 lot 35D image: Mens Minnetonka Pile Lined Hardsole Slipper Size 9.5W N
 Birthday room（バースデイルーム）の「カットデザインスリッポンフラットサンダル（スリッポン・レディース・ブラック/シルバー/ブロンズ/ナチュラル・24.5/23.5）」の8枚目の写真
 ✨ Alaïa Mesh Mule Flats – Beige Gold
**********
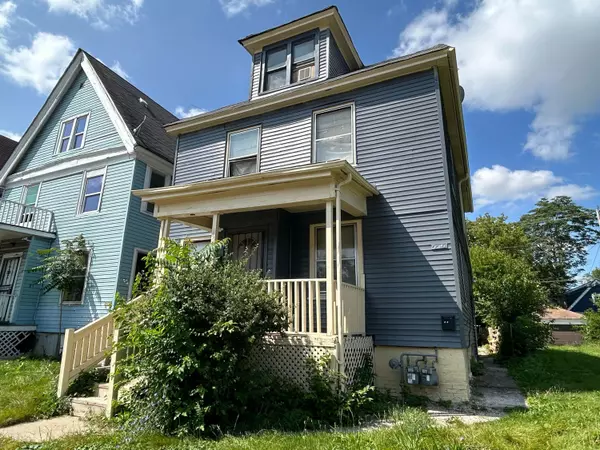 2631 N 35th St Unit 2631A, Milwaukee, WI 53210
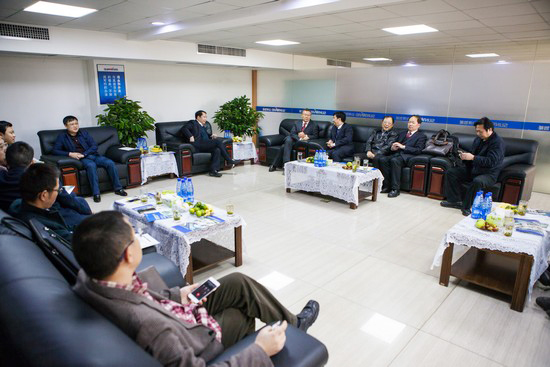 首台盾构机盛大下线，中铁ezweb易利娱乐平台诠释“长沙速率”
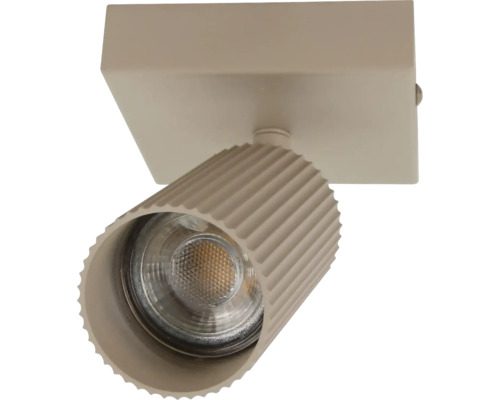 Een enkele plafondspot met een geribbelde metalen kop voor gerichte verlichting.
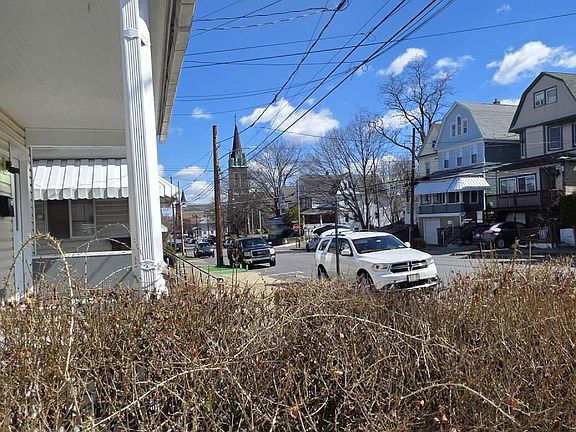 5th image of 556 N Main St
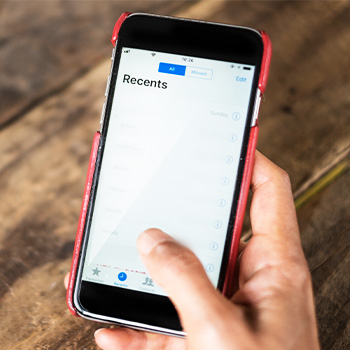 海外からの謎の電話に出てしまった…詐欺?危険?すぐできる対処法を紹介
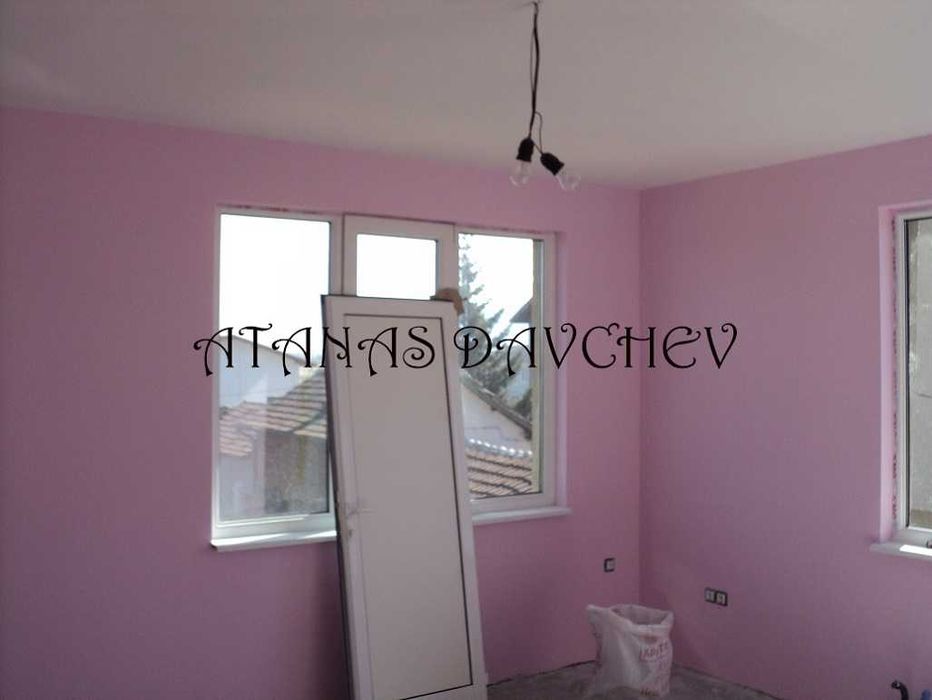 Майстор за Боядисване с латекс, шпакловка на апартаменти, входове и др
**********
Task to complete
Which part of the entries opens with the line containing "海外からの謎の電話に出てしまった…詐欺?危険?すぐできる対処法を紹介" and closes with the line containing "Майстор за Боядисване"? Output that part exactly, ends included, pictures excluded.

Output for this task
 海外からの謎の電話に出てしまった…詐欺?危険?すぐできる対処法を紹介
 Майстор за Боядисване с латекс, шпакловка на апартаменти, входове и др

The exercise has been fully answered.